Antes de colocar essas palavras em ordem, estava lendo um romance de Luiz Alfredo Garcia-Roza, Um lugar silencioso. Mergulhei na empreitada faz uns quatro dias. Já tinha o livro na prateleira e ensaiei algumas vezes o mergulho, mas pendurei a toalha outras tantas vezes, antes de cair na água, adiando o nado para a época de quarentena (não que eu soubesse que iríamos cair nesse poço).
Um dos episódios da primeira temporada de Twilight Zone, Time Enough at Last. |
Já dentro do livro, sem conseguir largá-lo por muito tempo, pipocou na minha cabeça um pensamento precedido de uma sensação, a de prazer. Ultimamente flashback é o que minha cabeça mais tem gostado de usar para contar as suas narrativas absurdas. E são com esses recursos que tenho me deparado diariamente com comparações entre o meu passado e o meu presente. A reconstrução contínua da minha memória tem criado déjà-vu de longas distâncias espaço-temporais.

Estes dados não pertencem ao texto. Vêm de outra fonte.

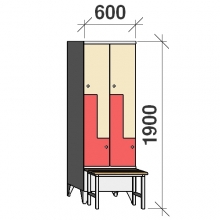 Z-skåp, 4 dörrar, 1900x600x845, med bänk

Posso explicar melhor.
Flashback: antes das palavrinhas rechearem este texto, estava na rede lendo o Garcia-Roza, sentindo prazer pela leitura, querendo ler mais, ao mesmo tempo guardando para não faltar no futuro, e tudo isso me remetendo às primeiras memórias de leitura da adolescência; olhando para o texto corrido e para o número de páginas, fascinado ao descobrir a cada parágrafo lido que aquele bloco de papel impresso chamado livro me dava mais e mais prazer conforme eu ia se apossando dele. Uma sensação idêntica àquela experienciada na juventude.

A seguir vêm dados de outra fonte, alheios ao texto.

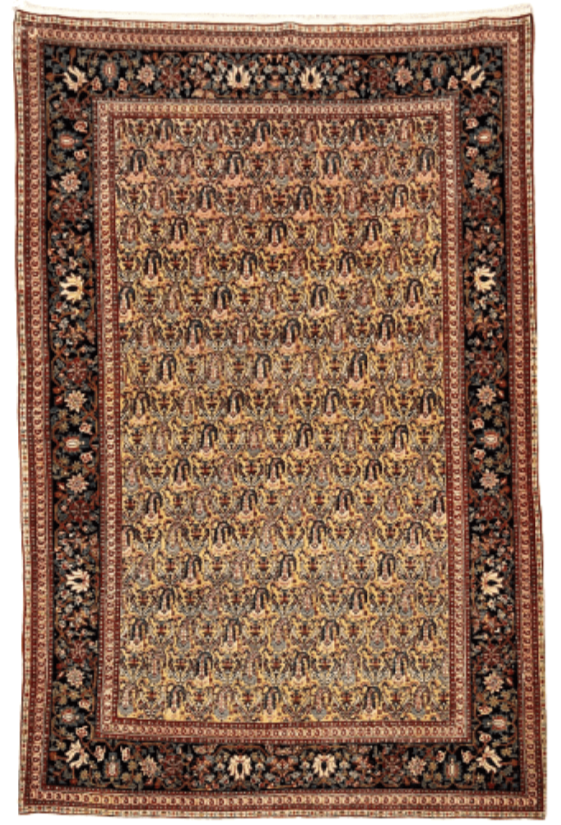 Fine Handmade Real Persian Farahan Antique Boteh Paisley Area Rug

Ao longo dos anos esse sentimento foi se intensificando. Hoje tenho pelo menos dois livros para me fazer companhia durante o dia: um para a tarde, outro para antes de dormir. Às vezes mudo os livros de turno, às vezes coloco mais um livro na conta. Tornou-se um vício que não me destruiu (nem parece que vai me destruir) ao longo dos anos.

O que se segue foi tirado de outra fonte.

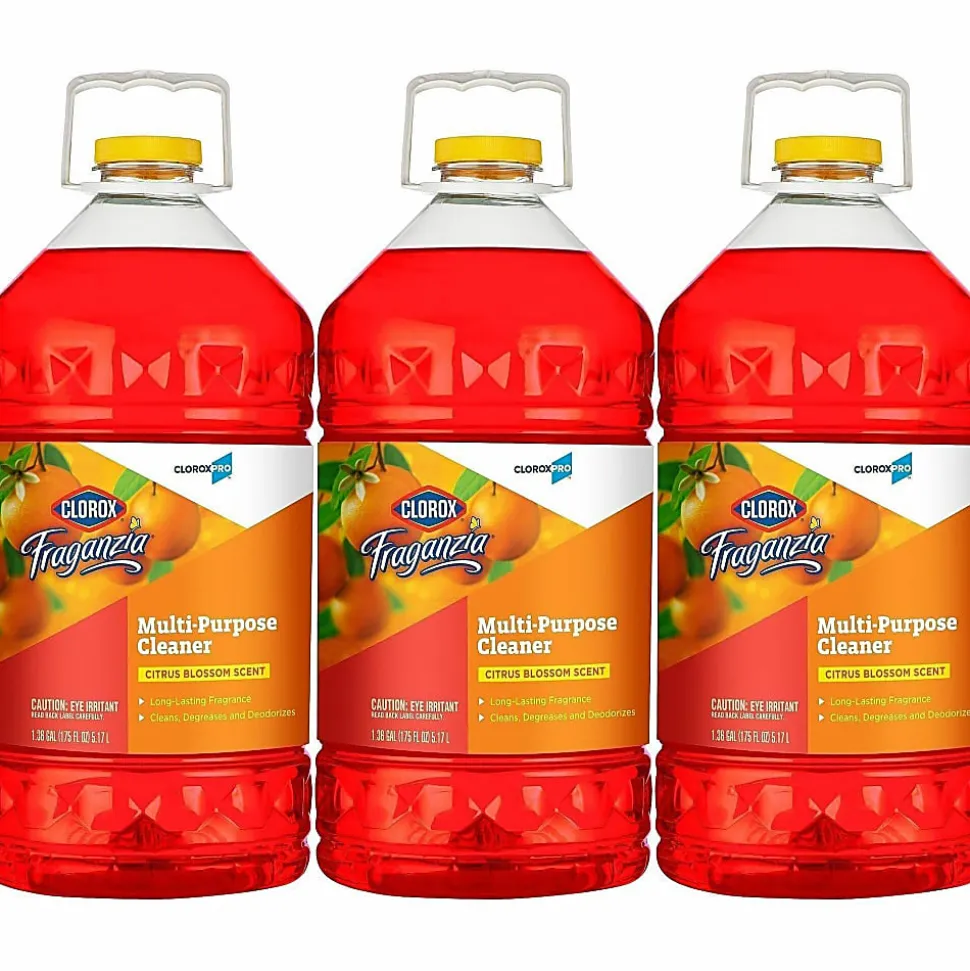 Clorox Fraganzia Multi-Purpose Cleaners, For Multipurpose, Multi Surface, Concentrate, Liquid, 175 fl oz (5.5 quart) - Citrus Blossom Scent, Case of 3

Abaixo um diálogo entre o gerente do banco e o funcionário Mr. Bemis, em Time Enough At Last. |
"You, Mr. Bemis, are a reader!"
"A reader?"
"A reader! A reader of books, magazines, periodicals, newspapers. I see you constantly going downstairs into the vault during your lunch hour".
O kindle entrou na minha vida tem também algumas semanas. Confesso que ainda não me entreguei ao aparelho. Foi útil para ler alguns artigos sobre cinema de animação, fotografia, mas com a literatura — e ainda não sei o porquê — não foi para frente. Li alguns capítulos de Crime e Castigo, me pareceu uma tradução ruim, então deixei de lado. Agora baixei Vidas Secas e alguns livros do Philip K. Dick; assim que a empreitada Garcia-Roza terminar quero cair matando para despachar esse ranço (se é que tenho) com o kindle. Na real nem sei se é ranço. Acho que é apenas um hábito, uma maneira de ler, um contato que falta com o físico, com a folha de papel, a diagramação, coisas que sinto falta. Talvez a noção de estar lendo. Quando estou lendo no computador, estou lendo mas como se não estivesse; não me pergunte por que sinto isso, depois penso sobre. Inclusive não faz tanto sentido: você sente que não está lendo este texto? Pois é, ao menos que você tenha ele impresso diante dos olhos, não passa de um texto digital. Ou talvez tenha a ver e nem sou eu quem estou dizendo, mas eles.
Voltando ao prazer. Fiquei pensando nessa coisa da leitura do livro ainda suscitar essa experiência prazerosa depois de tantos anos. Confesso que me sentia anestesiado pelas incontáveis possibilidades de entretenimento (considero o livro entretenimento), computador, celular, séries, filmes, youtube etc. A leitura voltou com muita força e o desejo de escrita também. Às vezes precisamos de um tempo, vai ver é só isso. Estou encantado com amigos que não liam com frequência falando dos livros que têm lido nessa quarentena. Gente que engole 400 páginas em pouco mais de uma semana e vem dar o retorno da leitura com a maior voz de felicidade do mundo. Tenho acreditado nelas, na leitura, nesse prazer que nos alegra ao longo dos anos.